- Theatrical release poster
- Directed by: Brian Oakes
- Written by: Chris Chuang Heather MacDonald Brian Oakes
- Produced by: George Kunhardt Teddy Kunhardt Eva Lipman
- Cinematography: Rachel Beth Anderson James Foley Clair Popkin Matthew VanDyke
- Edited by: Aleks Gezentsvey
- Music by: Osei Essed Saul Simon MacWilliams Dan Romer
- Distributed by: HBO Documentary Films
- Release dates: January 23, 2016 (Sundance Film Festival); February 6, 2016 (United States);
- Running time: 111 minutes
- Country: United States
- Language: English

= Jim: The James Foley Story =

Jim: The James Foley Story is a 2016 American documentary film about the life of war correspondent James "Jim" Foley, directed by Brian Oakes.

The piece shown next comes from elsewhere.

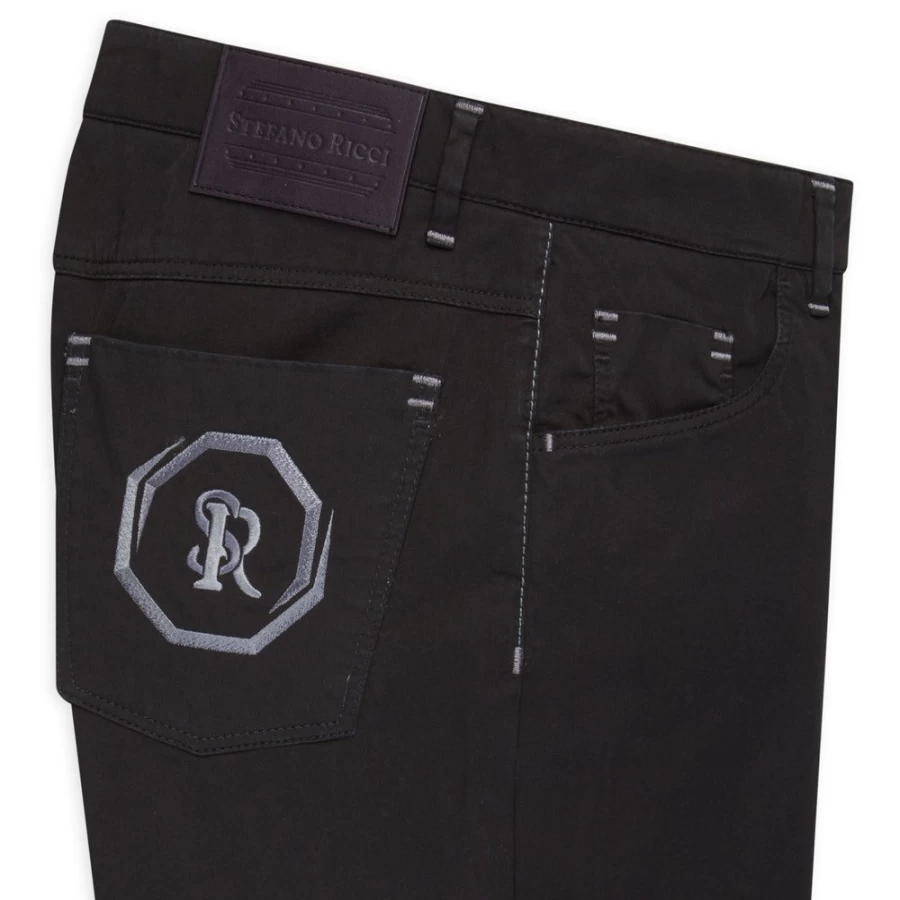 "Stefano Ricci Men's Bermuda Shorts in Color N999 | Premium Luxury Shorts"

It premiered at the Sundance Film Festival on January 23, 2016, and on HBO on February 6, 2016.

==Synopsis==
Directed by Foley's childhood friend Brian Oakes, the film chronicles the life of American photojournalist James "Jim" Foley. On Thanksgiving Day 2012, Foley was kidnapped in Syria while reporting on the Syrian Civil War and went missing for two years. The infamous video of his beheading in August 2014, purportedly as a response to American airstrikes in Iraq, introduced much of the world to the Islamic State of Iraq (ISIS). Interviews with family, friends, journalist colleagues, and fellow hostages provide insight into Foley's character, work, captivity and legacy.

==Reception==
As of January 2017, this film has a rating of 91% on Rotten Tomatoes, based on 22 reviews and an average score of 6.9/10. It also has a score of 73 out of 100 on Metacritic, based on 8 critics, indicating "generally favorable" reviews. The film won the Primetime Emmy Award for Exceptional Merit in Documentary Filmmaking and Audience Award: Documentary at the 2016 Sundance Film Festival.